* Assigned task *
Beginning with the very first line, please reproduce the entries exactly through the line containing "Vintage Wine Gift".

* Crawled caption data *

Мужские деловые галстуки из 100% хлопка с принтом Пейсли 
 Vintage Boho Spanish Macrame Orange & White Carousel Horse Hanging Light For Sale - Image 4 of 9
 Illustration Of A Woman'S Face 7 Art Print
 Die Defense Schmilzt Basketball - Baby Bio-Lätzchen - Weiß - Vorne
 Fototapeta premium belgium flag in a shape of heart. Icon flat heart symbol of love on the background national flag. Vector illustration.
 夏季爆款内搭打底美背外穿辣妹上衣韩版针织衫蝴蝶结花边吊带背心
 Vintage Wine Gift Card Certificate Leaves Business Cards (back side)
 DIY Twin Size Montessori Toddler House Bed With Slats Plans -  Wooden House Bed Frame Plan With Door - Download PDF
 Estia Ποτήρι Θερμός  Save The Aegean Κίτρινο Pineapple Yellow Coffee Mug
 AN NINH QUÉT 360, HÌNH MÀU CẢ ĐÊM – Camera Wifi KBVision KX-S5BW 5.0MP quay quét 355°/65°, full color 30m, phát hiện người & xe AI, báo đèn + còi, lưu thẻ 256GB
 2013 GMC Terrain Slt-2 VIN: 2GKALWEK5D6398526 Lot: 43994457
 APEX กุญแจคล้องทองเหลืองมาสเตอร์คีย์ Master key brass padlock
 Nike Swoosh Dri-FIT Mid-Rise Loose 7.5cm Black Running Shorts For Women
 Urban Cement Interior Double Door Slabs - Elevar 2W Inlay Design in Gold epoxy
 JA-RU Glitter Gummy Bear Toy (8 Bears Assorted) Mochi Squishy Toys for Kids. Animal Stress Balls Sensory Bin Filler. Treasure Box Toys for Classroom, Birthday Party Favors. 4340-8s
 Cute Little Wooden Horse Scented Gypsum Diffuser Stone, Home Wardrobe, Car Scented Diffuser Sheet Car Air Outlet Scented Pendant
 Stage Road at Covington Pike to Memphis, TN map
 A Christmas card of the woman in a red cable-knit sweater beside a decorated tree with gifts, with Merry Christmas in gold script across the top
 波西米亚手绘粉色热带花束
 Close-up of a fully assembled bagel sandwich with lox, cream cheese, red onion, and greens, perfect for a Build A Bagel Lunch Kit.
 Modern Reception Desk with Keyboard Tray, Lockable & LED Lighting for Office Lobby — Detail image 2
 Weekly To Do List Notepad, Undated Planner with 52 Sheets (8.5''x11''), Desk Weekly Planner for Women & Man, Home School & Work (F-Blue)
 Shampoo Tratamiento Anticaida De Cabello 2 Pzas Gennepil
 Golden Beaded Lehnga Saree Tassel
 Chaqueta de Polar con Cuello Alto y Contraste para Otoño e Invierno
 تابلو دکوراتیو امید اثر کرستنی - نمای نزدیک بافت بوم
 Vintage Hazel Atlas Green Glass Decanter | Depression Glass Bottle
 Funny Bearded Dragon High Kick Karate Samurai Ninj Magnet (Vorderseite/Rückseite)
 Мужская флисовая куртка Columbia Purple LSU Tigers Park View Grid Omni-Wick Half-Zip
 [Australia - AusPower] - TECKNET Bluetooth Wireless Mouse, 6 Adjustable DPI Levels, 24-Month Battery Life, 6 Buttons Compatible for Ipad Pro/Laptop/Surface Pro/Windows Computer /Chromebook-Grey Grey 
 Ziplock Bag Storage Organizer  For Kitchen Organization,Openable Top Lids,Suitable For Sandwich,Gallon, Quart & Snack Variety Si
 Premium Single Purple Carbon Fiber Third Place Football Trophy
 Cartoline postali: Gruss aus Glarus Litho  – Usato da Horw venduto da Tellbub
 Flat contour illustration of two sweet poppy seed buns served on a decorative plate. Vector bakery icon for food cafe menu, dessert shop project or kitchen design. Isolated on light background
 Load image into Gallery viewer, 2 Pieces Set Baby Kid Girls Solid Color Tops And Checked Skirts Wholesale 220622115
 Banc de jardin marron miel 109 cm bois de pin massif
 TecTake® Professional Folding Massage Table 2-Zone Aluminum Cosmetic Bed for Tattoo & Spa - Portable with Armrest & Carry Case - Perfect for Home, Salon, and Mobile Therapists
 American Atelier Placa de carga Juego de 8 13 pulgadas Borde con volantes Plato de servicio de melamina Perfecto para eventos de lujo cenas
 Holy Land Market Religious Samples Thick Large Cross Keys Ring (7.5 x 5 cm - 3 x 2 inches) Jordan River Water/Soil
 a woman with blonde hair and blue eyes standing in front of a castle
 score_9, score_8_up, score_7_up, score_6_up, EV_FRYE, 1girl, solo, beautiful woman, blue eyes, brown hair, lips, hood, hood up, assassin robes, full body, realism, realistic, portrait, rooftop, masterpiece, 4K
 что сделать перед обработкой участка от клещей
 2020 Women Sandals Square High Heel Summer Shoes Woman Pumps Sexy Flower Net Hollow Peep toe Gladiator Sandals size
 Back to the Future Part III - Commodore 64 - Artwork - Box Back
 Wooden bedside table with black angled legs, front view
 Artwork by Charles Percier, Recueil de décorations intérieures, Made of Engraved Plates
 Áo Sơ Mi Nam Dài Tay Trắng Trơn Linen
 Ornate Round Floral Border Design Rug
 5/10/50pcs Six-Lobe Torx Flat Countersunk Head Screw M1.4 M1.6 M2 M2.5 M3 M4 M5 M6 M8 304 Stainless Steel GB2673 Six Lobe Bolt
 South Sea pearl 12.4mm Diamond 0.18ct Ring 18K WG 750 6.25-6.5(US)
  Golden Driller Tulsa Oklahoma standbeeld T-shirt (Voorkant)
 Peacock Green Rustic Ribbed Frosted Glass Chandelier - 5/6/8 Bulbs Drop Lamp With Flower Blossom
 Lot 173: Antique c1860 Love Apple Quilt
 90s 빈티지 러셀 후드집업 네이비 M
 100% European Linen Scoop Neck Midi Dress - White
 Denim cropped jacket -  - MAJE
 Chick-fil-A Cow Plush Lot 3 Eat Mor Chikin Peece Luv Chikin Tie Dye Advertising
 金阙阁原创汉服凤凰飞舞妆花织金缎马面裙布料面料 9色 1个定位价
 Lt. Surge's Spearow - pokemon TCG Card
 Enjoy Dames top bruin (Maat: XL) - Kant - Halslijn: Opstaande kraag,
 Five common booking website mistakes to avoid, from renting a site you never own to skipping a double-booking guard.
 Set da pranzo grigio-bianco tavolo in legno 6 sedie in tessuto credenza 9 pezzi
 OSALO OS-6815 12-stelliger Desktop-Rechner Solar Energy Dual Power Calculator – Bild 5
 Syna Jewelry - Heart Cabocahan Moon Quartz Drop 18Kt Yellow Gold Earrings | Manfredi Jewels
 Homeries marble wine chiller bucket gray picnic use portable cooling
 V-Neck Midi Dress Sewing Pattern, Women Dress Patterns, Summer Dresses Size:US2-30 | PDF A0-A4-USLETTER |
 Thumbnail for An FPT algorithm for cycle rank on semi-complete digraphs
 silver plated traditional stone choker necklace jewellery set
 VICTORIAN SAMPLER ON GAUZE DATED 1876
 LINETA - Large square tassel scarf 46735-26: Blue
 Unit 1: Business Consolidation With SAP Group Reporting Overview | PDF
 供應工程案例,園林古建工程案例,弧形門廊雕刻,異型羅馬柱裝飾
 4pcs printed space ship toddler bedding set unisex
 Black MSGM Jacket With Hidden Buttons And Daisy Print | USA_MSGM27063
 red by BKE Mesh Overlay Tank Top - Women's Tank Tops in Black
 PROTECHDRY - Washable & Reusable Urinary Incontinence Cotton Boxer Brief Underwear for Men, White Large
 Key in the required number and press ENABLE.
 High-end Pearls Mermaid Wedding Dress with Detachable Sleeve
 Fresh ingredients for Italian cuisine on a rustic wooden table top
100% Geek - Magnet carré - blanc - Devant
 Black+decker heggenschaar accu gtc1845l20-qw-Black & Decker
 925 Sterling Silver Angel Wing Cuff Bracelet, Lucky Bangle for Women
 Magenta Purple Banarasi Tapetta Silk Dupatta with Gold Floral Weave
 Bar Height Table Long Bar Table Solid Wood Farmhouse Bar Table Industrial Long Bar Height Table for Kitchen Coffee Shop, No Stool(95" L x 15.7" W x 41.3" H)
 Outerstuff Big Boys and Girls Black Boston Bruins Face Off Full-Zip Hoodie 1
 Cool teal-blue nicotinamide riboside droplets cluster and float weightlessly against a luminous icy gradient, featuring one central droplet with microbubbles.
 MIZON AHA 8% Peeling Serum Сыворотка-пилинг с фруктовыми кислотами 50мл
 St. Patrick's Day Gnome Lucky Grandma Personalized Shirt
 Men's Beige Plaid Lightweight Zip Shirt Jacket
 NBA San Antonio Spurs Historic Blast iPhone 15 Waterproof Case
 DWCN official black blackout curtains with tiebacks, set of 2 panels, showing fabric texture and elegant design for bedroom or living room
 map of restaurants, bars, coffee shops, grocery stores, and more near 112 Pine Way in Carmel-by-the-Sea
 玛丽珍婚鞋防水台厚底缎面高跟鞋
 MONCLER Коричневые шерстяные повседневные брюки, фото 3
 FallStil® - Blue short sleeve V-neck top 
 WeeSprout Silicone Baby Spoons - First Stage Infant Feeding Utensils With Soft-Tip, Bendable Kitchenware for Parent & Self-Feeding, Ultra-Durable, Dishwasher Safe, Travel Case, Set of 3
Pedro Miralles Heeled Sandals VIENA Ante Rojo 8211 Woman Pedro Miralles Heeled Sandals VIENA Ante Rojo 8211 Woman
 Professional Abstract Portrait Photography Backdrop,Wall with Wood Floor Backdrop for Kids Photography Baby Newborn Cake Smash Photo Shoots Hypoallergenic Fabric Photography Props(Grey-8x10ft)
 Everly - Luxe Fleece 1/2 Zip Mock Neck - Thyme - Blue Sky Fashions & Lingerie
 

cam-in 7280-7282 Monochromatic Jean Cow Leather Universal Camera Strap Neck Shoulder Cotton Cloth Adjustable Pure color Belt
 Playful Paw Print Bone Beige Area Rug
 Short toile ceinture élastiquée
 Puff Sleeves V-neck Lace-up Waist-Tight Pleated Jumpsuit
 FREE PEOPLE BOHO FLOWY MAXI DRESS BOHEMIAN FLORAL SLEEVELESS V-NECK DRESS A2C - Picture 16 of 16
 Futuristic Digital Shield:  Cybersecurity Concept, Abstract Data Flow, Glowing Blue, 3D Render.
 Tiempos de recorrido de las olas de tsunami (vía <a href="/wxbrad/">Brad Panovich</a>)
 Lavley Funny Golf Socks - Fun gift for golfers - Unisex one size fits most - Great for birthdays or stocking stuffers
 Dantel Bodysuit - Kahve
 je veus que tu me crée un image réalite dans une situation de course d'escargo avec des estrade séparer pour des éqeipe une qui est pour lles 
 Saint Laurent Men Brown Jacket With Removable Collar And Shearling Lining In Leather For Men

* Result for this exercise *
Мужские деловые галстуки из 100% хлопка с принтом Пейсли 
 Vintage Boho Spanish Macrame Orange & White Carousel Horse Hanging Light For Sale - Image 4 of 9
 Illustration Of A Woman'S Face 7 Art Print
 Die Defense Schmilzt Basketball - Baby Bio-Lätzchen - Weiß - Vorne
 Fototapeta premium belgium flag in a shape of heart. Icon flat heart symbol of love on the background national flag. Vector illustration.
 夏季爆款内搭打底美背外穿辣妹上衣韩版针织衫蝴蝶结花边吊带背心
 Vintage Wine Gift Card Certificate Leaves Business Cards (back side)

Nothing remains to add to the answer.